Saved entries

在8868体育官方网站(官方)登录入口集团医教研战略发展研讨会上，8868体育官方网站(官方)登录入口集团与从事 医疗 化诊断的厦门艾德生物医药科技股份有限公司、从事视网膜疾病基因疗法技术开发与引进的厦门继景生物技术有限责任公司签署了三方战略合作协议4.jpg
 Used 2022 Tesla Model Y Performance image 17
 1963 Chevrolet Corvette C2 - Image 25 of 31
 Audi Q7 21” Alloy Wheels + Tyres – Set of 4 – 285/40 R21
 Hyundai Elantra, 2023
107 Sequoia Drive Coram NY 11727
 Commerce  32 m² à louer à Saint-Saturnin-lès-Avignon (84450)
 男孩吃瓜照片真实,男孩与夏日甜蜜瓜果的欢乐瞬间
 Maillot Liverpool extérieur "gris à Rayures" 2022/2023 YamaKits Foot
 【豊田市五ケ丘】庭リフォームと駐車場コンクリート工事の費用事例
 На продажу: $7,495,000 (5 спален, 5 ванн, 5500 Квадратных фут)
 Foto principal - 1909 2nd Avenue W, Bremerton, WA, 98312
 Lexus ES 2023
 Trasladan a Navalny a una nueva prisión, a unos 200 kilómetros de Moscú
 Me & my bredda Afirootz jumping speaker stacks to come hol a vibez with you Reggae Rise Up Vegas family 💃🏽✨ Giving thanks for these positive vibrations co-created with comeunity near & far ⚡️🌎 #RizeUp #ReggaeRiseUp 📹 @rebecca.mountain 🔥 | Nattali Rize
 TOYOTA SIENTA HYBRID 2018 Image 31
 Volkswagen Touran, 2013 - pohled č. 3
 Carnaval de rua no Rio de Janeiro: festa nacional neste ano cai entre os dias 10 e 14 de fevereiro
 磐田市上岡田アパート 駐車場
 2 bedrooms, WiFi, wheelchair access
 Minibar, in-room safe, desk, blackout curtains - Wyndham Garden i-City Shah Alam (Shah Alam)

What you are asked to do: Reproduce exactly the stretch of lines that starts at the one containing "磐田市上岡田アパート 駐車場" and ends with the final line of the data, including both ends and nothing more.

Response for this exercise:
 磐田市上岡田アパート 駐車場
 2 bedrooms, WiFi, wheelchair access
 Minibar, in-room safe, desk, blackout curtains - Wyndham Garden i-City Shah Alam (Shah Alam)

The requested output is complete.